Task directions: With the pictures removed, please write out every line below exactly as given.

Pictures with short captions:
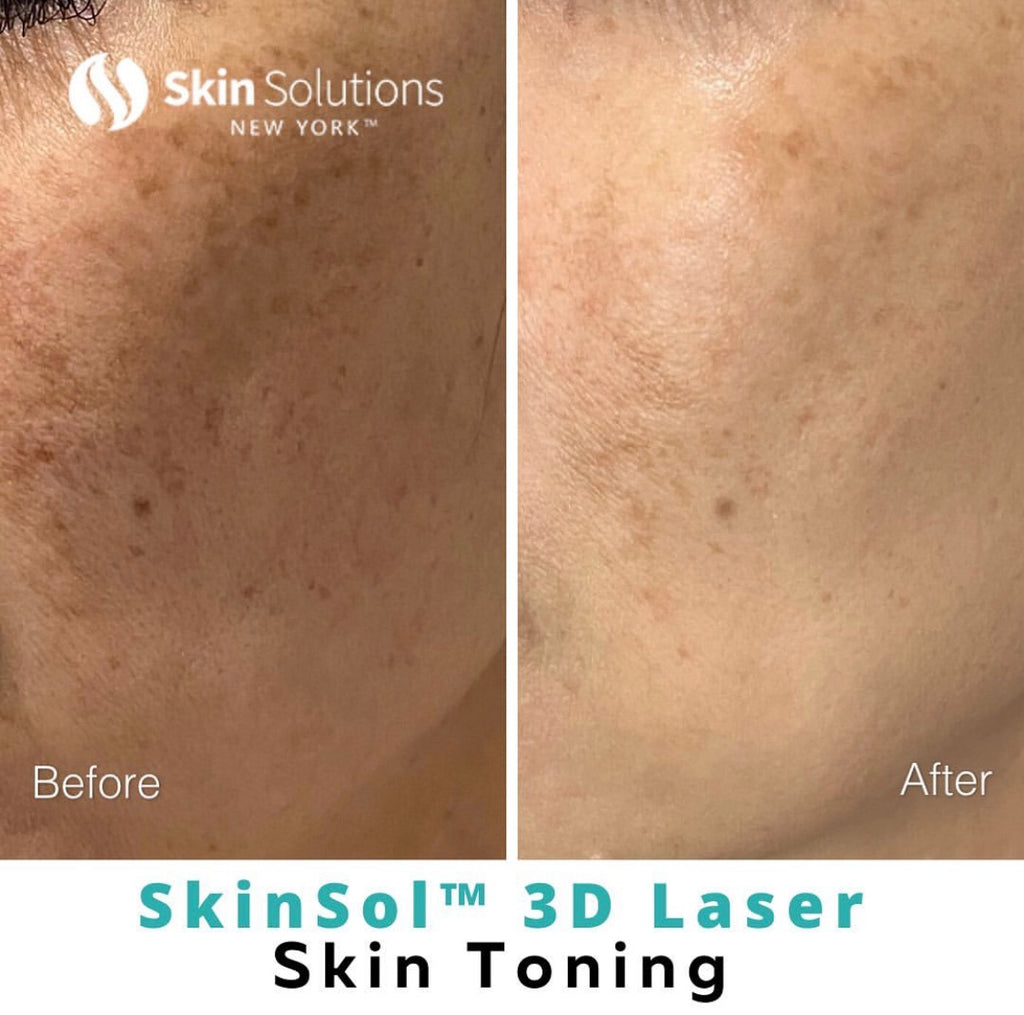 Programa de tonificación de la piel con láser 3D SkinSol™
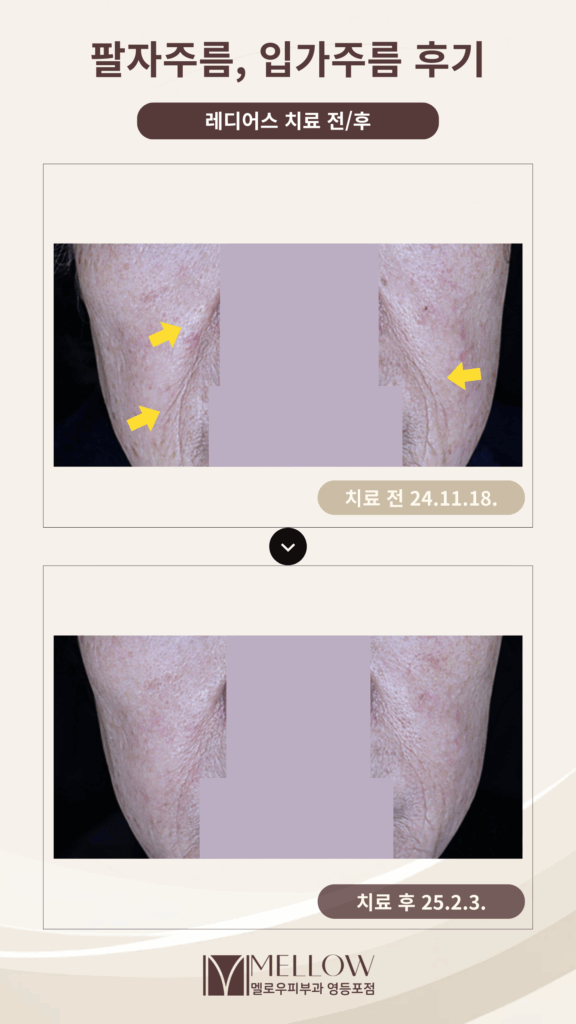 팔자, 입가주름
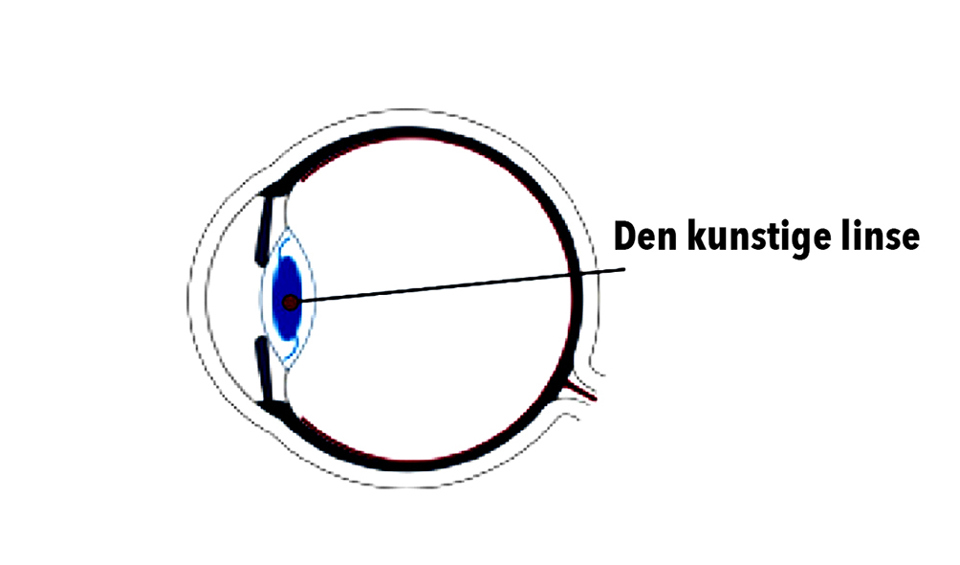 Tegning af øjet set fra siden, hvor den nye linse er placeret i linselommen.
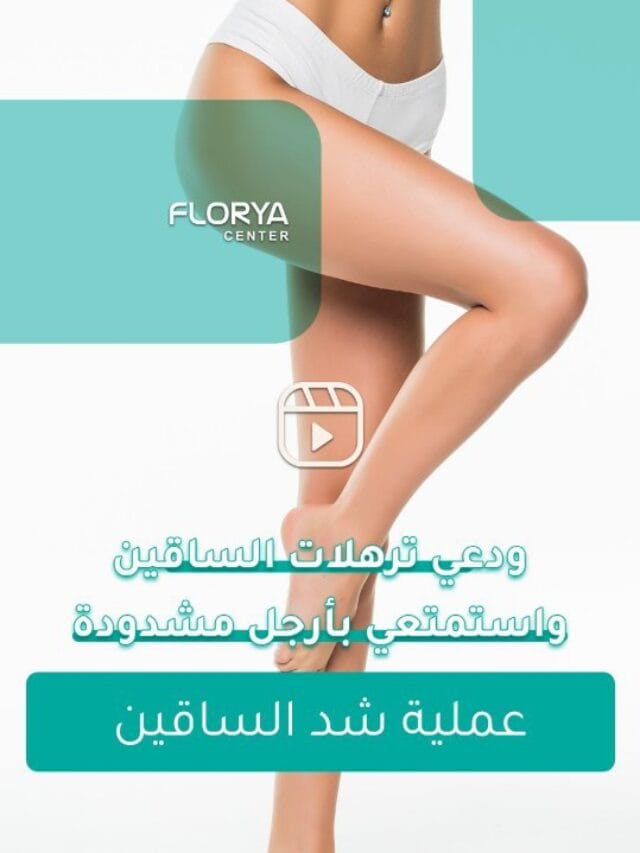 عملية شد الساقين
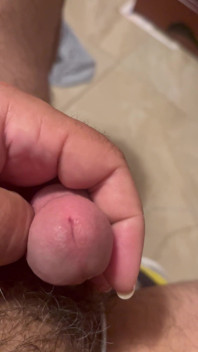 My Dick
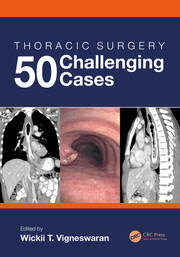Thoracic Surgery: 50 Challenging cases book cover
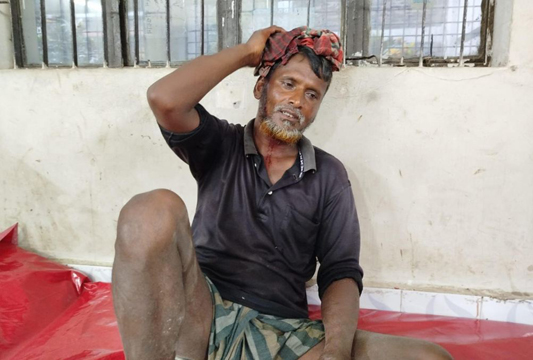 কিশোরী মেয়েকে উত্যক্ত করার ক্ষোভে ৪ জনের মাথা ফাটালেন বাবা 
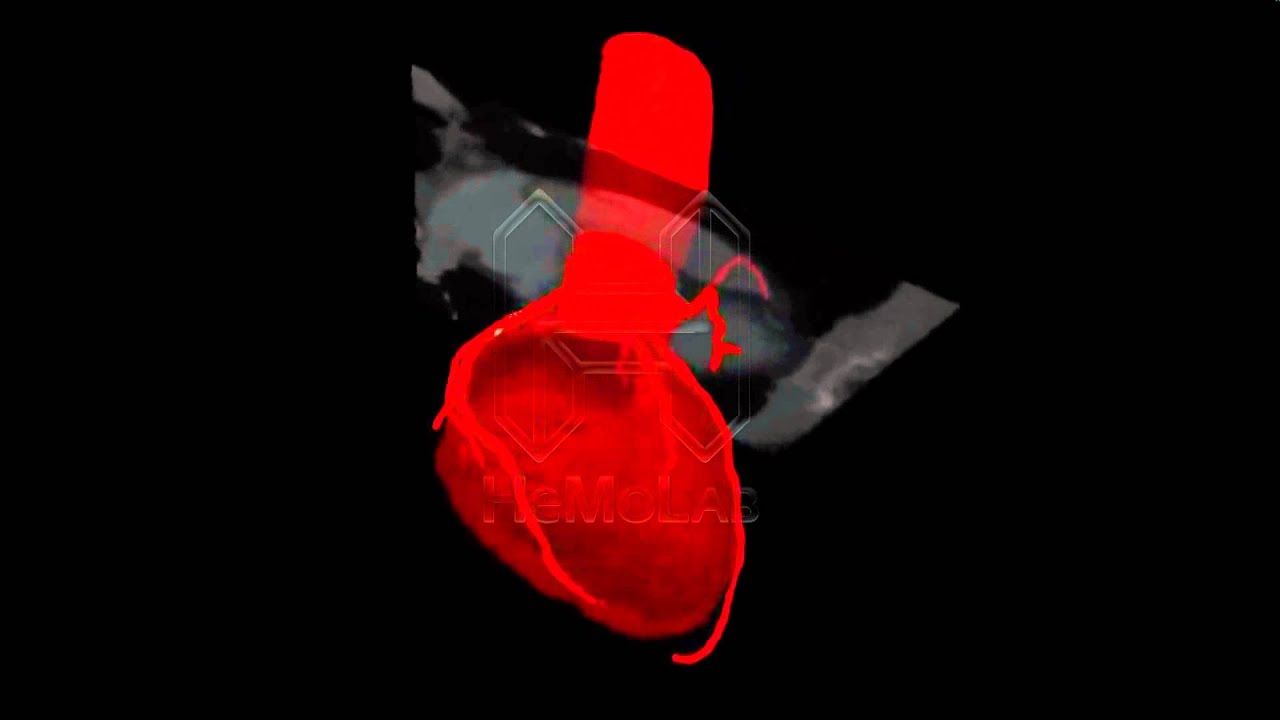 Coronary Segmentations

Written response:
 Programa de tonificación de la piel con láser 3D SkinSol™
 팔자, 입가주름
 Tegning af øjet set fra siden, hvor den nye linse er placeret i linselommen.
 عملية شد الساقين
 My Dick
Thoracic Surgery: 50 Challenging cases book cover
 কিশোরী মেয়েকে উত্যক্ত করার ক্ষোভে ৪ জনের মাথা ফাটালেন বাবা 
 Coronary Segmentations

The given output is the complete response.